Thursday, February 26, 2009

Washington D. C. Quarter Honors Duke Ellington

The U. S. Mint's series honoring all fifty states on the reverse side of its quarters is nearing its end but not before Washington D.C. was finally represented.

Today, the third installment of The Musical Art Gallery, Bloggerhythms' occasional series discussing music related artwork, features the new Duke Ellington quarter that hit America's streets near the end of January. Collectors may want to hold on to a few of these babies, instead of slipping them into parking meters, because the Ellington coin is one of the best of the series.
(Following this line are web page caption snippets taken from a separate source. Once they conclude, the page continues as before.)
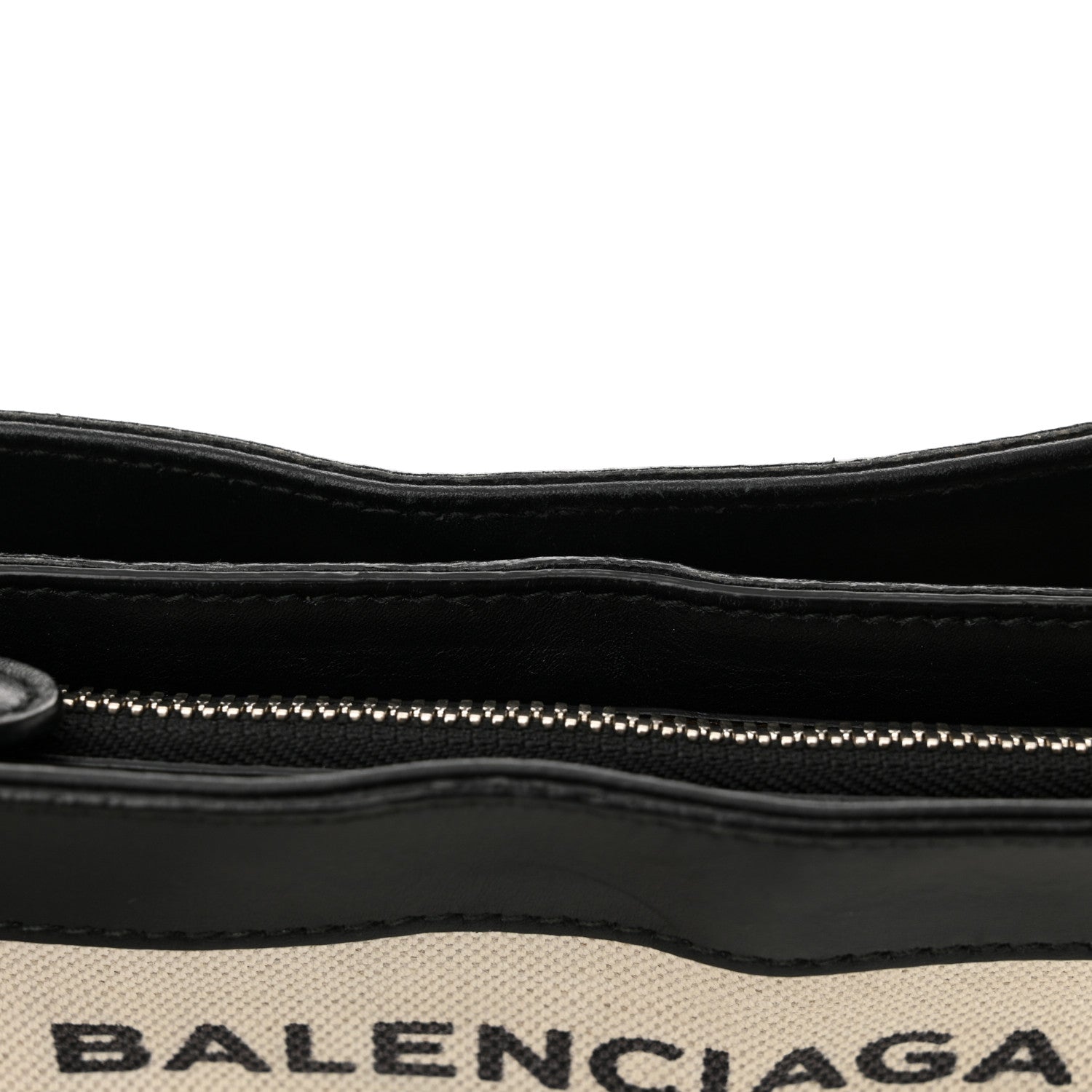 Balenciaga Cotton Canvas Pochette Crossbody Bag Black 14 of 19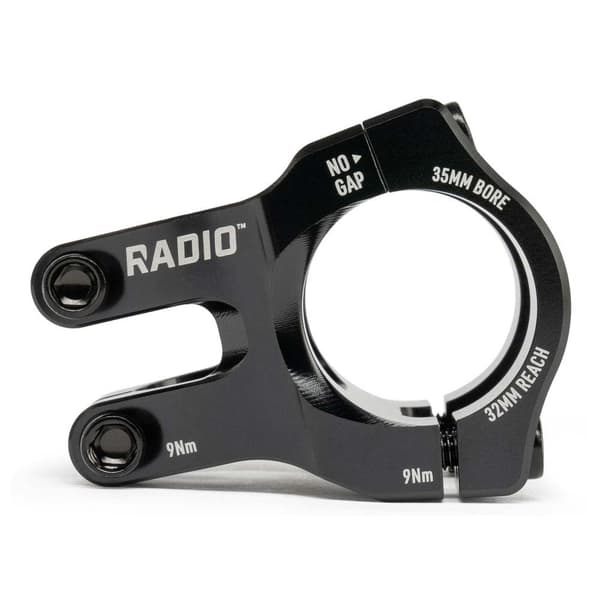 Radio Varsi Portal 31.8 Mm Hopeinen 35 mm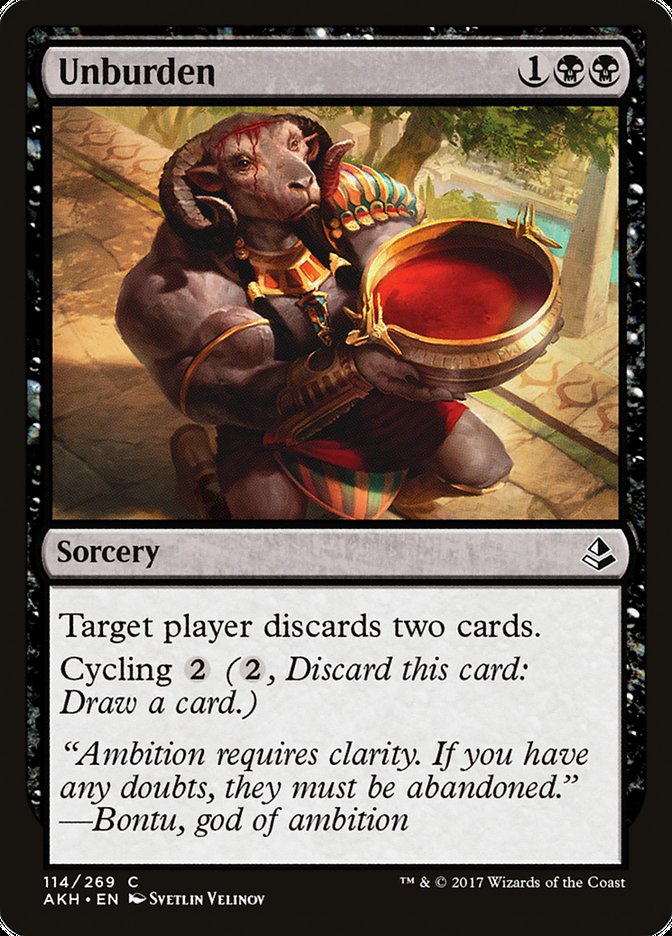 Unburden [Amonkhet] | Shuffle n Cut Hobbies & Games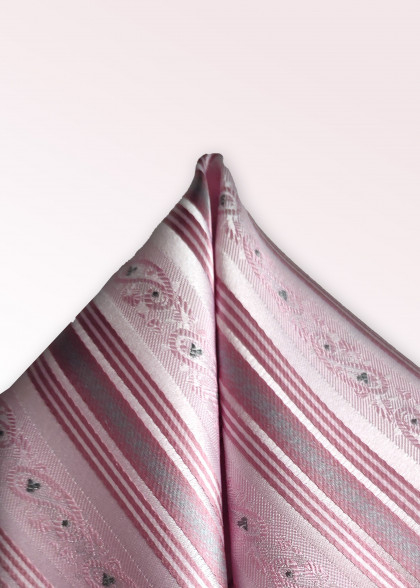 Ziertuch Streifen vegetativ rosa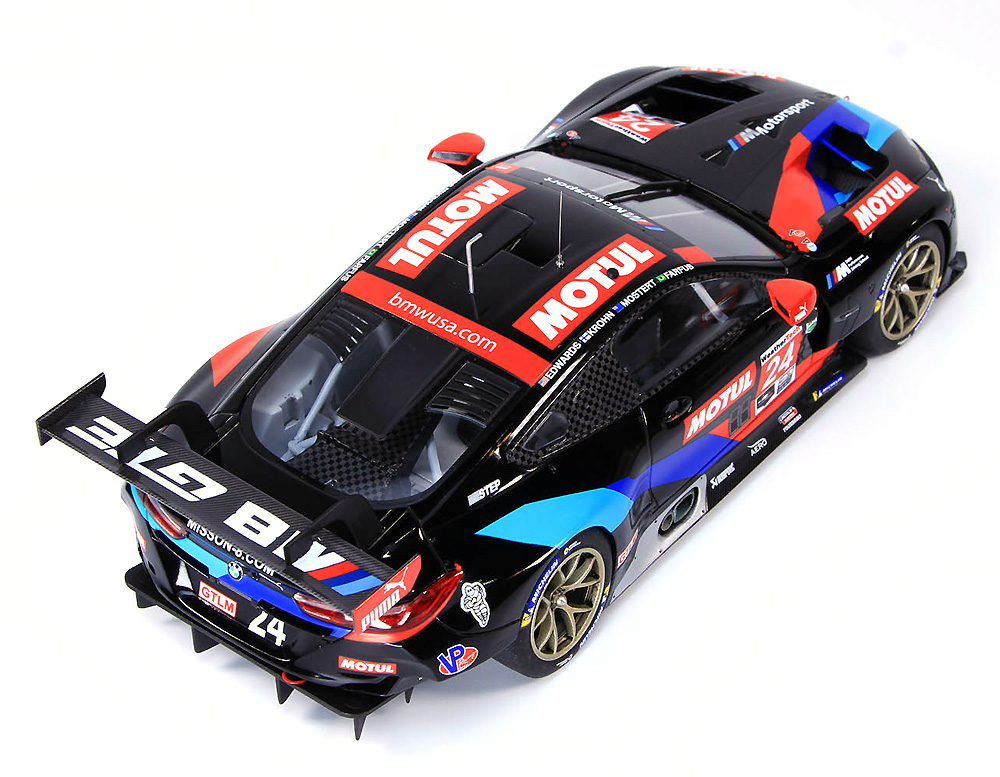 BMW M8 GTE 2020 デイトナ24時間レース ウィナー プラモデル (NuNu 1/24 レーシングシリーズ No.012) 商品画像_4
This quarter is a pleasant surprise because most of the previously issued coins have celebrated something famously identified with each of the fifty states. You may have expected our nation's capital to feature The White House, The Capitol, The Smithsonian, or even one of the memorials on the reverse side. However, to their credit, the town decided to do something very different. City resident, Eleanor Holmes Norton, said, "With Duke on the coin, we are sending an important message to the world that D.C. is a lot more than a government town." Ellington is a great choice because the man many consider to be the most talented jazz musician and composer of all time was born in this historic city.

We'll close with a bit of trivia. Ellington is not the first black person to appear on a circulated United States coin. The first was a slave who appeared with Lewis and Clark on a Missouri quarter in 2003.